I try to be the most modest and understated person I can be and let what little I produce speak for itself.
What makes me the best version of myself?
When I can look myself in the mirror and feel okay with how I have acted, I become the best version of myself. Sometimes that is an “aspirational” best version of myself because I know what I should but maybe am incapable of doing it.
What are my aspirations?
My last ten years have been spent struggling to understand and give people a language to integrate the horizontal and vertical axes of human relationships in order to describe the roles that siblings, other family members, and friends can play in our lives. I say struggling because, while I believe much can be done to integrate our understanding of these relationships into our lives, I just have not found that connection yet. And maybe, it is, as philosopher Ludwig Wittgenstein wrote, “The limits of my language are the limits on my world,” and I will never figure out a more complete integration of the two.

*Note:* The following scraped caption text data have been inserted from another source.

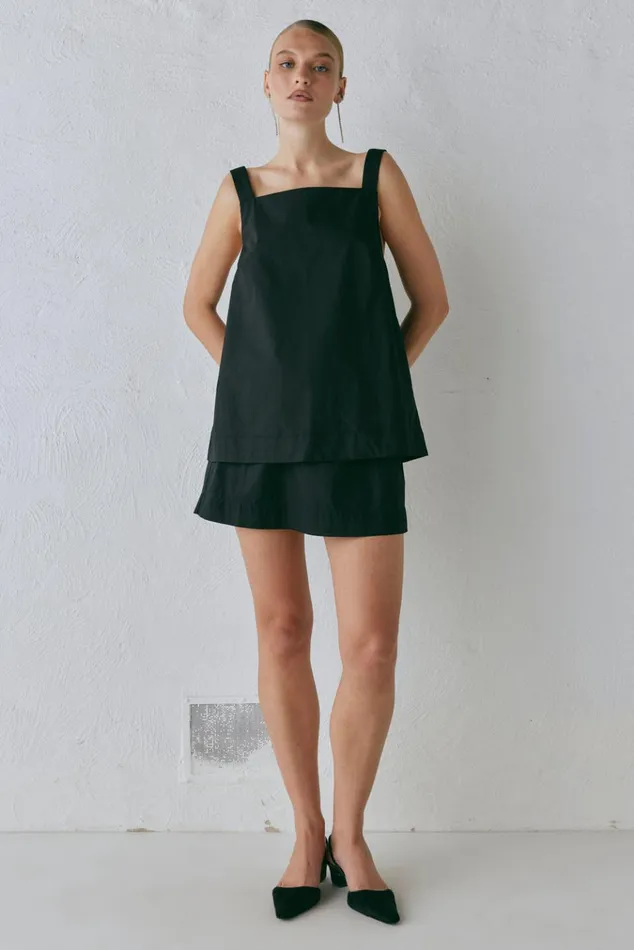 VRG GRL Sleeveless Elka Top Black 8211 Women VRG GRL Sleeveless Elka Top Black 8211 Women
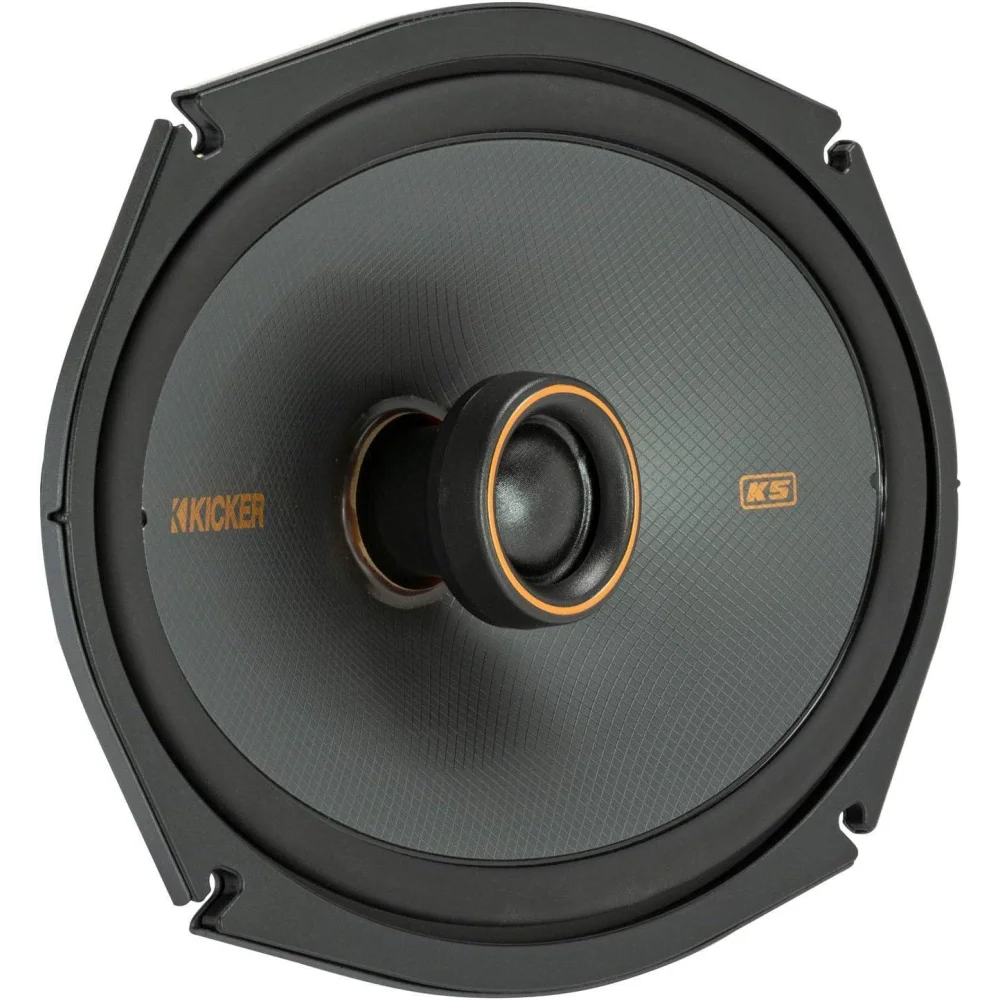 51ksc6904 Kicker Ks Series 6x9 Inch Coaxial 2 Way Speakers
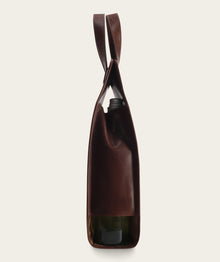 FOM Wine Carrier - Dark Choc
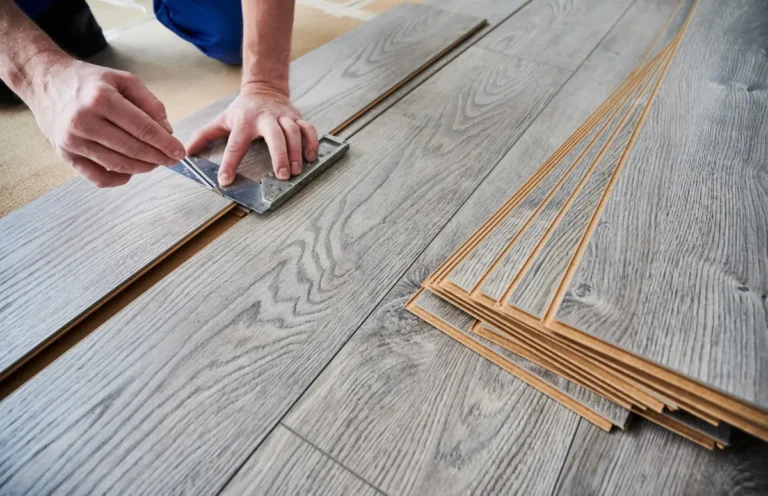 Waterproof laminate flooring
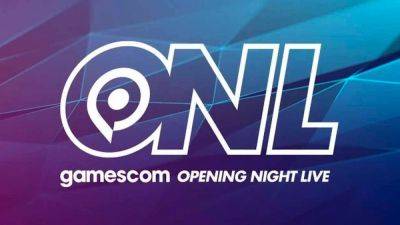 Gamescom Opening Night Live live coverage - All the news as it happens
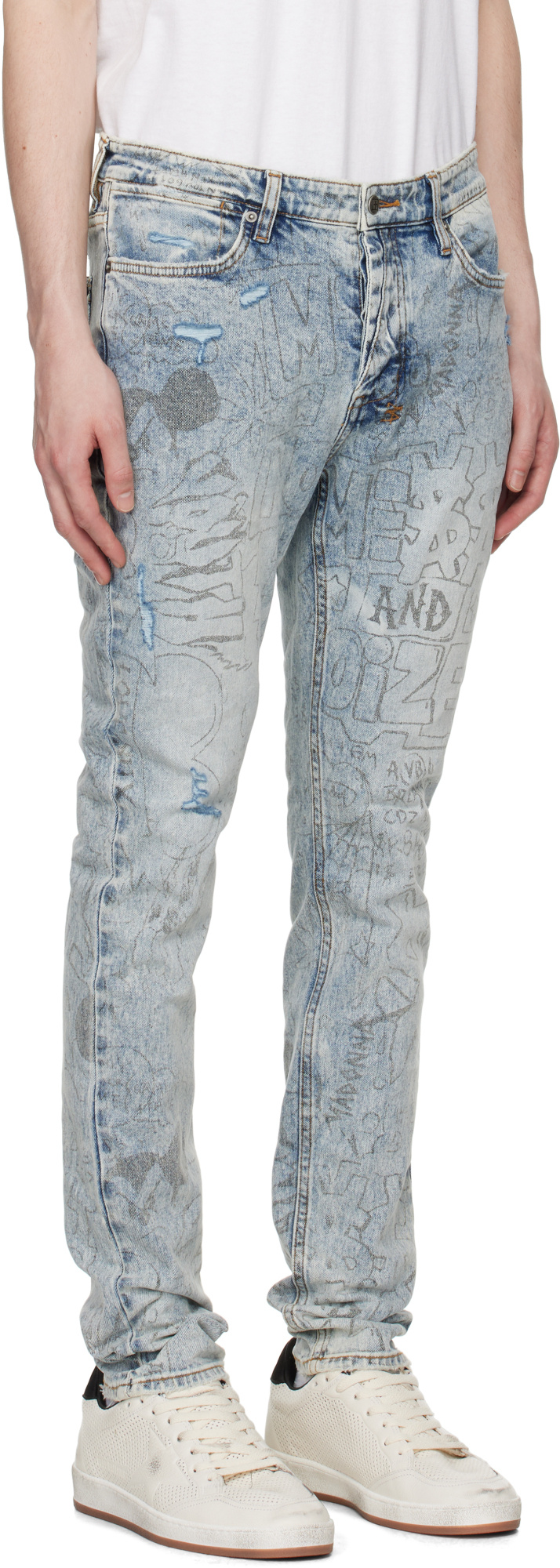 KSUBI VAN WINKLE JEANS 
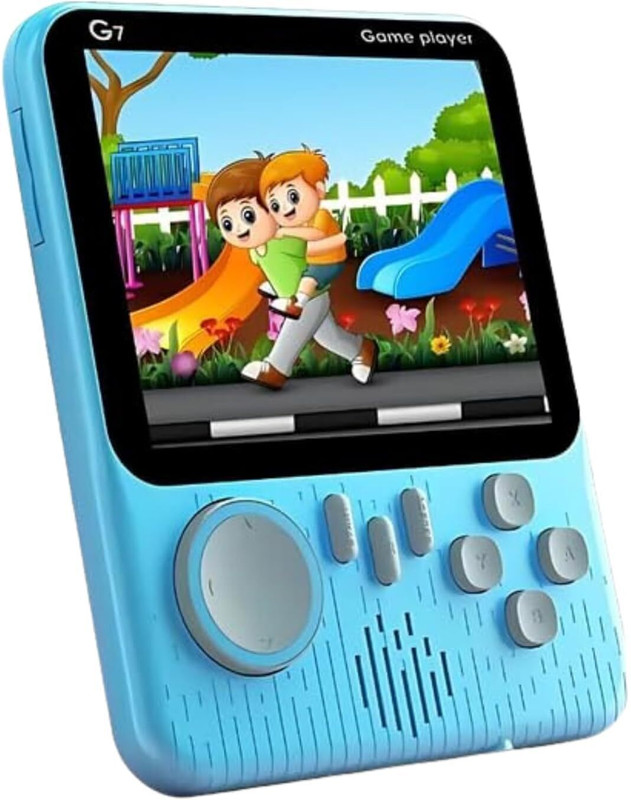 G7 Retro 3.5-Inch Handheld Game with 666 Built-in Games( Multicolor) Special Edition(Code in the Box - for 3DS)
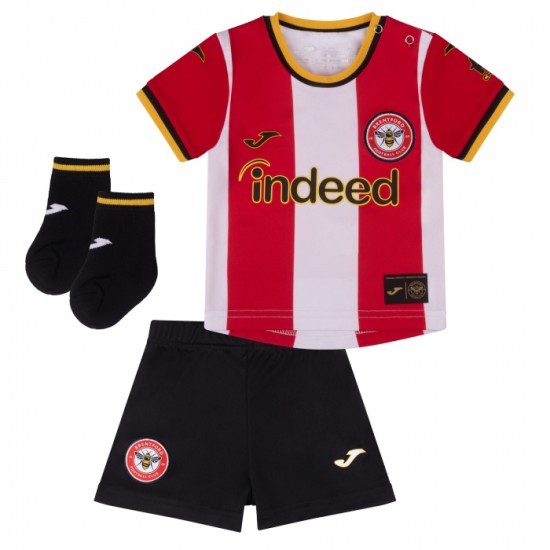 Kit de local Brentford 2026/27 para niño Kit de local Brentford 2026/27 para niño
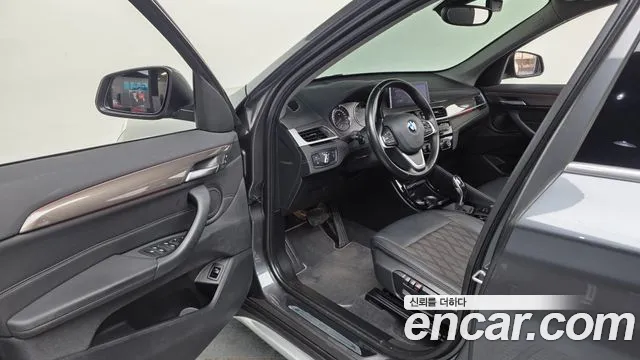 2021 BMW X1 (F48) xDrive 18d xLine Sold VIN WBA31AD0XM5S54086 – engine bay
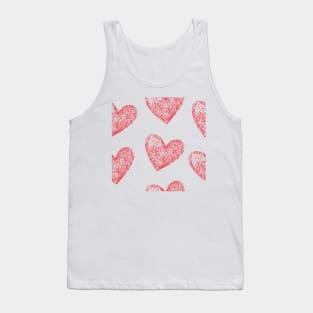 Love is boundary-less. Tank Top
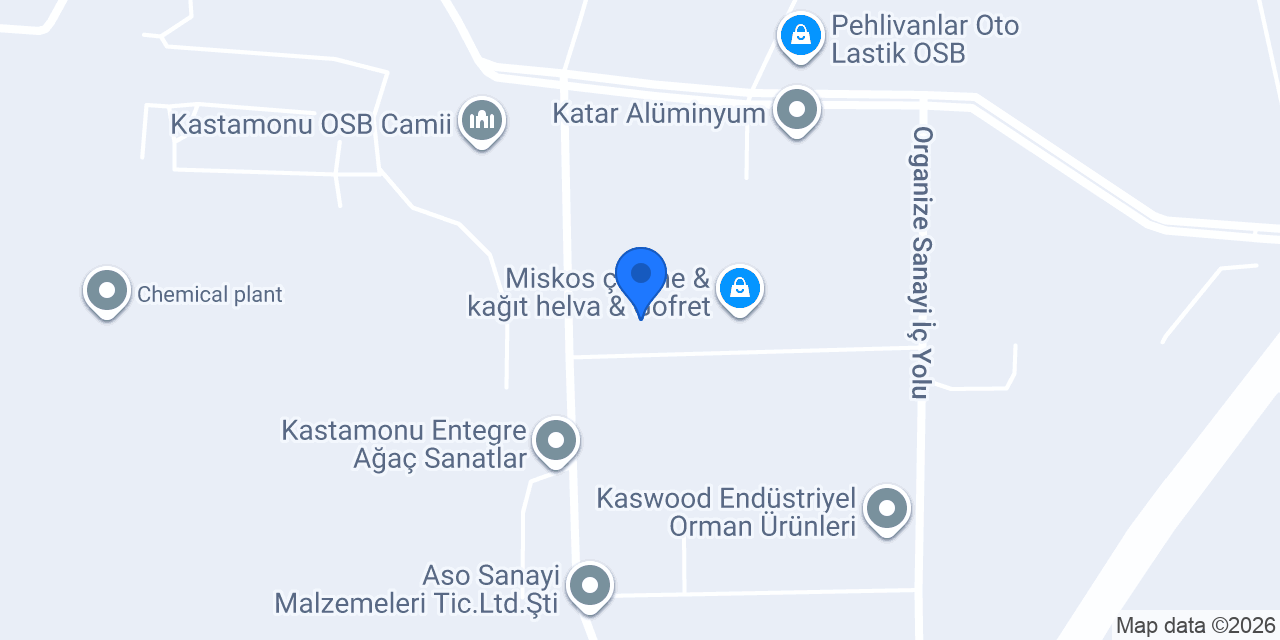 İkinci Bahar Tekstil Gömlek Konfeksiyon konumu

Yet, the quest continues and I am annoyingly optimistic by nature.
My Biggest Success?
Starting with nothing on the page, doing research, and writing something that speaks to others.
My Most Challenging Moment?
At some point along the way, I have continuously come close to failing at almost every academic endeavor I have pursued: being tutored in high school chemistry and yet still getting all the proofs wrong; needing remedial writing help in high school and college; being told I was on the cusp of being removed from one graduate school because I had not progressed professionally enough; having to re-analyze data from my dissertation …yet hitting my stride academically in my mid-30s. Those experiences gave me compassion for others who are traveling a rocky academic trail.
Err on the side of love. Life is full of cusps when dealing with others. If you are in power and you can act punitively or compassionately and you are not sure which way is best, err on the side of compassion. If you are unsure what is being said to you, choose to interpret it in the best light and not the worst.
My Favorite People/Role Models?
Freeman Hrabowski, Jesse Harris, Carol Meyer – all influenced me professionally…they are/were: President of UMBC; dean of the UM School of Social Work; chair of my dissertation and the one who led me into academia…
My Favorite Places/Destinations?
London – I understand the language (most of the time) and my parents, now deceased, enjoyed it so I feel I commune with them when I am there
9. My Favorite Products/Objects?
Guitars – I have been collecting and playing since 1965.
My Current Passions?
New research I am engaged in (with Michael Woolley) on in-laws. We have some great data and are learning a fabulous amount of new things about vertical and horizontal relationships. I still like watching youtube video of the reunion of my college band, the Kansas City Jammers!